[Collected data]
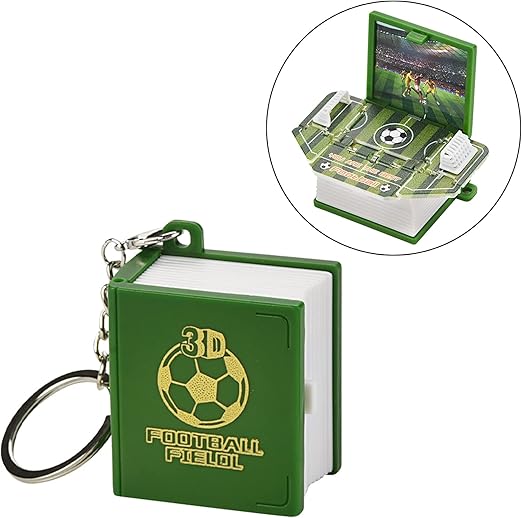 3D PoP up Football Stadium Keychain - Goal!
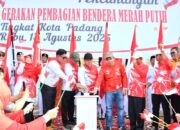Padang Canangkan Gerakan 10 Juta Bendera Merah Putih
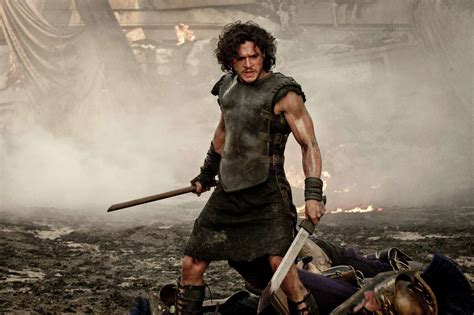 'Pompeii' training shakes things up for Harington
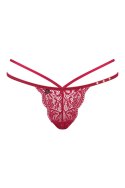 Bielizna-Ivetta stringi czerwone L/XL Obsessive Bielizna-Ivetta stringi czerwone L/XL Obsessive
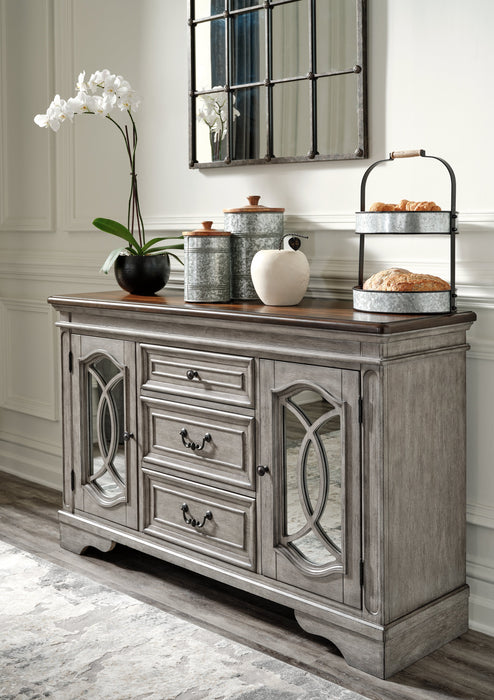 Lodenbay Dining Server - D751-60 - In Stock Furniture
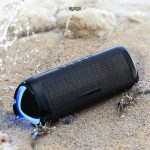 Portable Color LED Light Bluetooth Waterproof Speaker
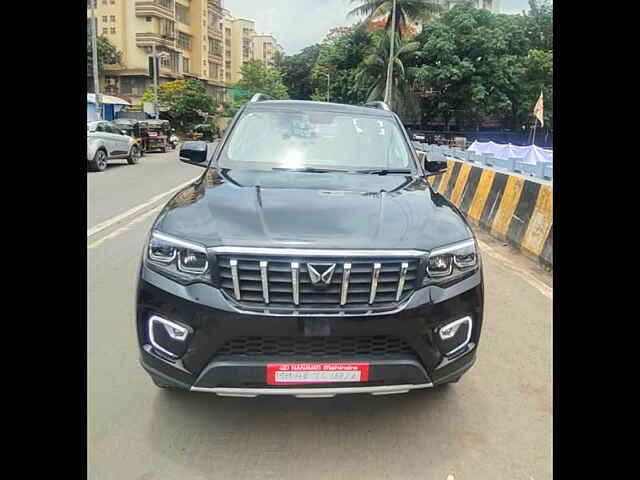 Second Hand Mahindra Scorpio N Z8 L Petrol AT 7 STR [2022] in Mumbai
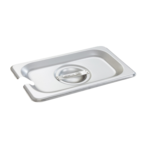 Crestware , 5190S, Steam Table Pan Cover, Stainless Steel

• Assignment
Nothing but the lines from the one containing "Bielizna-Ivetta stringi czerwone L/XL Obsessive Bielizna-Ivetta" through the final line of the entries above should be given again, each exactly as written; omit the pictures.

• Response
 Bielizna-Ivetta stringi czerwone L/XL Obsessive Bielizna-Ivetta stringi czerwone L/XL Obsessive
 Lodenbay Dining Server - D751-60 - In Stock Furniture
 Portable Color LED Light Bluetooth Waterproof Speaker
 Second Hand Mahindra Scorpio N Z8 L Petrol AT 7 STR [2022] in Mumbai
 Crestware , 5190S, Steam Table Pan Cover, Stainless Steel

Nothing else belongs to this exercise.